The US government and its running dogs in Zimbabwe want the media chatter to be more on the 11 individuals and three commercial entities that have been put under the Magnitsky Act, and less on the revoked orders for what turns out to be cheap and misleading propaganda purposes. ‘Cheap’ because geopolitics, international relations and international law are about states and their institutions, systems, processes and international law; not about individuals.

It is ‘cheap’ and ‘misleading’ for the US to make propaganda noise about 11 individuals, nine of whom were already under substantially the same sanctions – some of them for all the 21 years of the revoked orders – while pretending that there’s something substantially different or dramatic about the Magnitsky sanctions.

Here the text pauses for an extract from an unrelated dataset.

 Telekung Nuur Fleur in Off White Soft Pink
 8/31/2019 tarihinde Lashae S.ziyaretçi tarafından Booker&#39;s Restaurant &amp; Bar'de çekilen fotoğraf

Being shrill about removing a handful of individuals from a 21-year-old failed and now rotten US sanctions basket, and putting them on another seven-year old US basket with an exotic Russian name, and nothing else, and dubbing that propaganda basket; a “sanctions transition”, is actually a dumb stunt equivalent to gloating over transferring bones from one grave to another.

The stunt becomes a hostile act and an attack on Zimbabwe’s sovereignty with unpredictable consequences when, because it is bereft of substance and is in breach of international law – it is used as a propaganda tool to mock or humiliate the national leadership of a sovereign state or to cause divisions within the apex of the country’s national security ranks.

It is important to understand why the US, in the words of its officials, is “transitioning” from country-specific sanctions – such as the ‘Zimbabwe Sanctions Program’ – to the ‘Magnitsky Global Sanctions Program’. The devil is in this detail.

According to a 2021 assessment by the Congressional Research Service, “Global Magnitsky’s global remit may avoid some challenges associated with country-specific sanctions regimes; like Zdera.

Experts who spoke to the Congressional Research Service noted that creating a country-specific regime can be laborious and can sometimes complicate diplomatic relations and/or have unintended ramifications.

The experts said, pursuant to IEEPA, creating a country-specific sanctions programme like Zdera requires a national emergency declaration that must necessarily be claimed to be due to ‘an unusual and extraordinary threat … to the national security, foreign policy, or economy of the United States.’

For example, the Congressional Research Service reported that, in 2015 testimony to Congress, an executive branch official noted that the use of IEEPA-mandated language in a national emergency declaration allowing for sanctions against individuals in Venezuela, for instance, generated blowback … from the region, including from some of US allies and partners in the region, and from the Government of Venezuela itself.

According to the official, the national emergency language can be used, as it must be, to show that the United States is, in effect, going to war against the country targeted by the declaration of a national emergency.

Interestingly, the Congressional Research Services notes that the United States has used Global Magnitsky authorities to designate nationals of some of its so-called democratic allies and/or countries with which it has generally positive bilateral relations, such as Bulgaria, Israel, Latvia, and South Africa.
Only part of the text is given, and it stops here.